A new study points to the likelihood that ENSO is strongly affected by deforestation on the Maritime Continent (MC), which is the region between the Pacific and Indian Oceans that includes Borneo, the Philippine Islands, Indonesia, New Guinea and the Malay Peninsula.
The study, “The Potential Influence of Maritime Continent Deforestation on El Niño-Southern Oscillation: Insights From Idealized Modeling Experiments,” was published in the journal Geophysical Research Letters.
When land use is altered dramatically, such as with deforestation, how much sunlight gets reflected by the surface of the planet, called “surface albedo,” is altered, and the natural process of evapotranspiration is also reduced, Phys.org reported. The combination has a warming effect on the surrounding environment and impacts interactions between the land, atmosphere and ocean, modifying the local climate.
The research team simulated future deforestation over a century using the Community Earth System Model, and changed native deciduous and broadleaf evergreen trees to C4 grass. Doing so was found to make ENSO stronger, and its associated events became more frequent and shifted toward the central Pacific.

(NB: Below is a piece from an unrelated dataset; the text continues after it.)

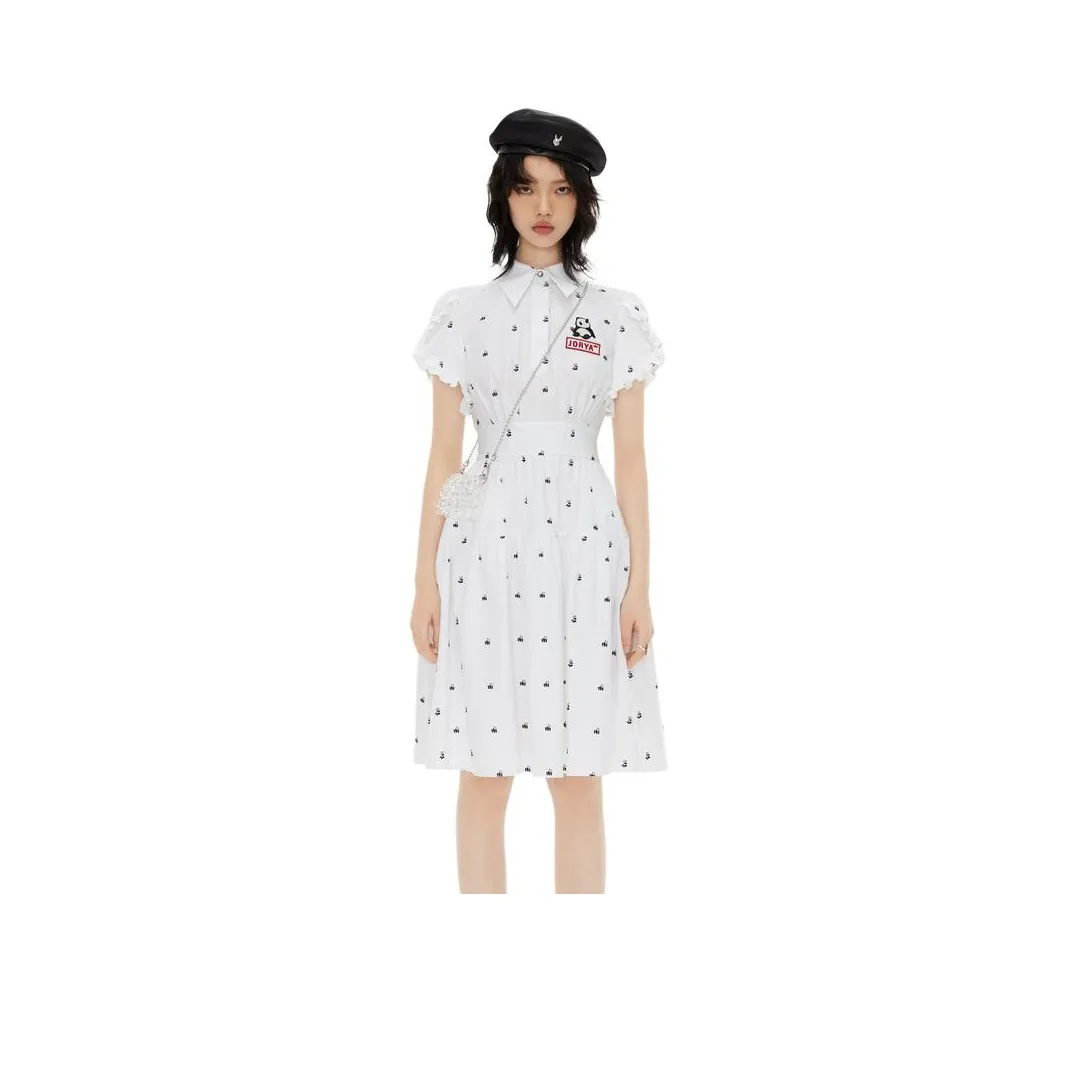 JORYAweekend Короткий рукав Платье Женское Белое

This happened due to winter sea surface temperatures at mid-latitude affecting the subtropical atmosphere during the subsequent spring and summer, called the “seasonal footprinting mechanism,” the authors of the study said.
On the other hand, air pressure falling over the western Pacific tropics had the effect of suppressing atmospheric convection with atypical contrasts in temperature between land and sea. Colder water spread toward the poles, resulting in a positive sea level pressure shift in the subtropical northeastern Pacific. This, along with high atmospheric pressure during the boreal winter from December to February, lead to stronger ENSO events.
Because of the reactivation of the seasonal footprinting mechanism by atmospheric high pressure in the subtropical north Pacific, La Niña conditions could happen concurrently for years in a row, rather than alternating with El Niño.
The researchers said La Niña events happening multiple years in a row are more likely to occur in future decades if deforestation continues, at a rate of 13.8 percent, the simulations suggested. There have already been three multi-year La Niña events this century: 2010 to 2012; 2016 to 2018; and 2022 to last year.
The occurrence of events similar to ENSO in the central Pacific could be caused by a shift in northeastern Pacific trade winds, which cooled off the ocean surface with increased localized wind speeds.
The model showed that El Niño events have an 11.7 percent increased likelihood of occuring due to deforestation, while La Niña events had a 14.6 percent increase.
“Previous studies have attributed the changing ENSO properties to global warming and decadal climate variability. Our study adds to this by suggesting that deforestation in the MC may also contribute to the growing complexity of ENSO by boosting the significance of subtropical ENSO dynamics,” the authors wrote in the study.
Shifts to the occurrence of more frequent multi-year ENSO events raises concerns about communities having time to prepare.
“Although our deforestation experiments are idealized and not realistic, they demonstrate the possibility that deforestation in the MC could increase the complexity of El Niño, making El Niño events more complex and harder to predict,” the authors concluded.